The Paris Court of Appeal ruled on Dec. 9, 2025, that the compensation granted under an International Chamber of Commerce (ICC) arbitration decision cannot be enforced immediately while annulment proceedings remain ongoing. The court also declined ENKA’s request to require Georgia to secure the funds in an irrevocable escrow account.
The original arbitration ruling, issued in December 2024, ordered Georgia to pay $383 million in damages. The award accrues interest at a rate based on a U.S. benchmark interest rate plus an additional 4 percentage points, increasing the total amount owed to more than $450 million as of now, according to Georgian news outlet bm.ge.
ENKA sought enforcement of the award in France in early 2025, while Georgia’s Ministry of Justice moved to overturn the arbitration outcome through the French legal system. A French court had already indicated in September 2025 that payment would not be enforced before a final decision, and the December ruling confirmed that position.
Legal representatives for Georgia said enforcing a payment exceeding $400 million before the appeal concludes would expose the country to financial risk.
The Namakhvani Hydropower Plant was a planned $800 million hydroelectric project in western Georgia, developed by Türkiye-based ENKA through its subsidiary Enka Renewables under a long-term agreement signed with the Georgian government in April 2019.
Located on the Rioni River near Kutaisi, Georgia’s third-largest city, the project spanned the municipalities of Tskaltubo and Tsageri and was designed as a two-plant cascade combining the 333-megawatt Namakhvani-Joneti facility and the 100-megawatt Tvishi plant. With total installed capacity of 433 megawatts, it was expected to generate 1,500 to 1,514 gigawatt-hours annually, enough to supply roughly 12% of Georgia’s domestic electricity demand.
Structured under a Build-Own-Operate model, the project allowed ENKA to finance, build, and operate the facility long term.
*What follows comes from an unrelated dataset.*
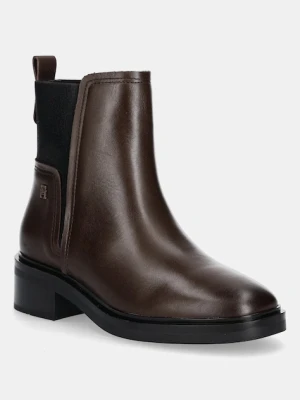 Tommy Hilfiger sztyblety skórzane TH MINIMAL LEATHER CHELSEA damskie kolor brązowy na słupku FW0FW08978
The company had already invested up to $100 million in early development, and operations were scheduled to begin in 2025–2026.
The project was canceled in 2021 after months of protests, environmental opposition, and contract disputes, leading to arbitration in October 2021. Then-Prime Minister Irakli Garibashvili said it would not proceed in its existing form, and ENKA later terminated the agreement, citing contract breaches and force majeure linked to prolonged protests and uncertainty.